The answer must consist of every line below that holds the word "Design".
====================
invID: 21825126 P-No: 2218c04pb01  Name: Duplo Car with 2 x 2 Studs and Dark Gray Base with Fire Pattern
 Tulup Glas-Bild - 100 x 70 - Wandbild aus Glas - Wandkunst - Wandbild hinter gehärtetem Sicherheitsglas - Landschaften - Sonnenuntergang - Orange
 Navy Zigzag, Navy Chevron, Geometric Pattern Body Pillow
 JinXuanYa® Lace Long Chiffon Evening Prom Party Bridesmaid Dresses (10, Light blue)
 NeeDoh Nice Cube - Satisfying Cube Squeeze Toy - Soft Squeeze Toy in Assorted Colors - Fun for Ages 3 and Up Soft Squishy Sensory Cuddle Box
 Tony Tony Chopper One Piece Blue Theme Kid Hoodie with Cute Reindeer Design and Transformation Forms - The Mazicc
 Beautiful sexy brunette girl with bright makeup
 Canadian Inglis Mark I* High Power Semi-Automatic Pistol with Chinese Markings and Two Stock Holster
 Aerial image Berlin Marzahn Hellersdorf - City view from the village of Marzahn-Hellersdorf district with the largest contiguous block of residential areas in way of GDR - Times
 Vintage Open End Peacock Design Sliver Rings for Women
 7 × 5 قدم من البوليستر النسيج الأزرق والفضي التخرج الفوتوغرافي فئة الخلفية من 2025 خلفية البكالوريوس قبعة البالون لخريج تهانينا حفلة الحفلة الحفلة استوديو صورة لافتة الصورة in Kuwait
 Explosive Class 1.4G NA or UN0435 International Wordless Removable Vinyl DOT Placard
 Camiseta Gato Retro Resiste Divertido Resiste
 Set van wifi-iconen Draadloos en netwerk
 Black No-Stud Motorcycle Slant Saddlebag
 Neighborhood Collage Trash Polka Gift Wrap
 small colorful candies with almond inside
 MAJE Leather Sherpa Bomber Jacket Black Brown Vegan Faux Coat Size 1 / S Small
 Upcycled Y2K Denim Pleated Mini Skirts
====================
_WRITTEN ANSWER_.
 Tony Tony Chopper One Piece Blue Theme Kid Hoodie with Cute Reindeer Design and Transformation Forms - The Mazicc
 Vintage Open End Peacock Design Sliver Rings for Women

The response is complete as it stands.